The problem. Please repeat the records below exactly, from the first line through the line containing "Summit Lago Hotel主图", and nothing more.
□ □ □ □ □
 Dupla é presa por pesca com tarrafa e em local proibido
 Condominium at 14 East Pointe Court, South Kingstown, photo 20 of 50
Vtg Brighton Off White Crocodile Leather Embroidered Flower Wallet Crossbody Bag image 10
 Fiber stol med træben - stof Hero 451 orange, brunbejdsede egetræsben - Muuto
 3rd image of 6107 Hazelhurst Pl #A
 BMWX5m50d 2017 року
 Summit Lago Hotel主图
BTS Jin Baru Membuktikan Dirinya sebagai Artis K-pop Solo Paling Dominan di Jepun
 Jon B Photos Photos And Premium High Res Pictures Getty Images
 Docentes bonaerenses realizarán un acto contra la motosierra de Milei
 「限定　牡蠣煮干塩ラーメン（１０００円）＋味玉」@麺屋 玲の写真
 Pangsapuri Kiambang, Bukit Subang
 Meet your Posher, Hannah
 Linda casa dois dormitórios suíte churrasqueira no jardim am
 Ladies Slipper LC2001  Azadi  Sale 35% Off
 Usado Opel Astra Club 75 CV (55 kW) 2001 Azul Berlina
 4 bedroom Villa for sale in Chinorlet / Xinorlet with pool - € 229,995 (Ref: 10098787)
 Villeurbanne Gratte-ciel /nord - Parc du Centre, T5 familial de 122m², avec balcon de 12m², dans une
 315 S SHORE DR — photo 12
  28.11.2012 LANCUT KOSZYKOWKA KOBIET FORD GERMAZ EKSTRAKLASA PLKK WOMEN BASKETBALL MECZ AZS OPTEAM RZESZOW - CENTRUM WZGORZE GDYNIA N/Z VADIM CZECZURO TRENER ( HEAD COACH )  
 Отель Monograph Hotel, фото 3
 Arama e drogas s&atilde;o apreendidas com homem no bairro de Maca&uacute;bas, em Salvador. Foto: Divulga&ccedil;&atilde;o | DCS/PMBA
□ □ □ □ □
Expected answer.
 Dupla é presa por pesca com tarrafa e em local proibido
 Condominium at 14 East Pointe Court, South Kingstown, photo 20 of 50
Vtg Brighton Off White Crocodile Leather Embroidered Flower Wallet Crossbody Bag image 10
 Fiber stol med træben - stof Hero 451 orange, brunbejdsede egetræsben - Muuto
 3rd image of 6107 Hazelhurst Pl #A
 BMWX5m50d 2017 року
 Summit Lago Hotel主图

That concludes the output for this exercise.